But the next day, the official Xinhua news agency debunked the speculation. It cited an anonymous source as saying that the pilot schemes for the digital currency would stick to the four previously named cities – Shenzhen, Suzhou, Xiongan and Chengdu – and the venues for the 2022 Winter Olympics in Beijing and Zhangjiakou.

That is a much narrower range compared with the plan unveiled by the commerce ministry, which stated that qualified cities in the Greater Bay Area, including Hong Kong, Shenzhen and Macau; the Beijing-Tianjin-Hebei region; the Yangtze River Delta region, including Shanghai; and some places in central and western China, would be able to use the digital currency.

The seemingly conflicting messages about China’s digital currency marked the latest hiccup in Beijing’s minting of the world’s first sovereign digital currency that has been shrouded in secrecy, with the purpose, function, risks and returns of a digital yuan still unknown.

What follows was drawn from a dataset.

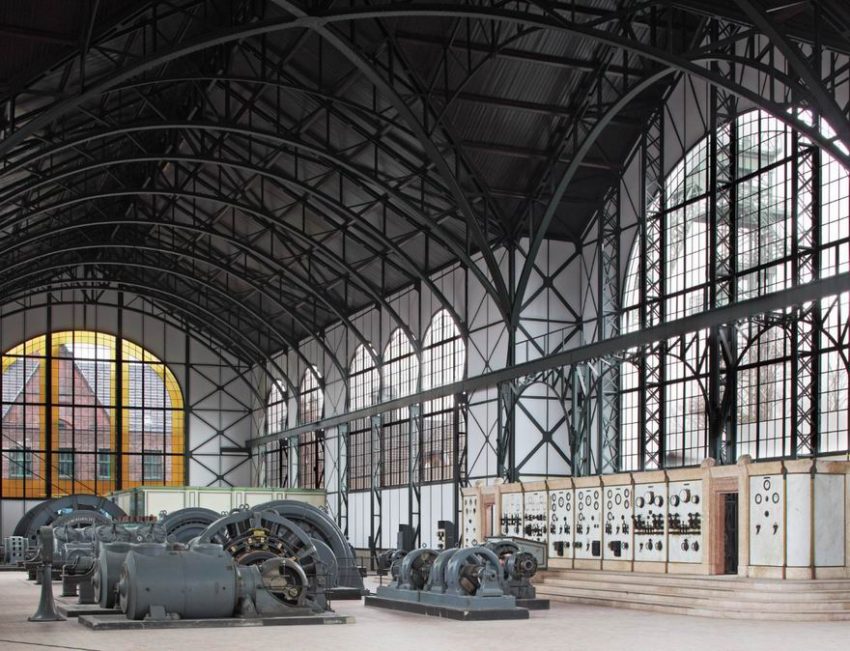 Dortmund LWL Industriemuseum Zeche Zollern Colliery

While there is no official timetable for the sovereign digital currency, and there has been no white paper about it, leaks and speculations are rife. In April, a leaked screenshot of the digital currency at the Agricultural Bank of China, one of the four state banks partnering with the People’s Bank of China (PBOC) in developing the digital yuan, gave the public a glimpse of what it could look like.

A district in Suzhou was reportedly trying to put the digital currency into use in May by paying half of the travel subsidies given to public sector workers in digital form. Nineteen merchants in Xiongan, including local branches of Starbucks, McDonald’s and Subway, are reportedly ready to test the digital form of the yuan. And Chinese ride-hailing giant Didi Chuxing also said last month that it had entered into a “strategic partnership” with the central bank over the digital currency plan, officially known as the Digital Currency Electronic Payment (DCEP) service.

In the latest sign, the Shenzhen Municipal Financial Regulatory Bureau said on Wednesday that it was “conducting internal testing of the digital currency in an orderly manner”.

However, specific details about the digital currency remain few and far between, and the jury is still out on whether the Chinese public and merchants would accept a digital yuan, which in itself carries no interest nor value of investment, especially as electronic payment services are already universally available on cellphones across the country.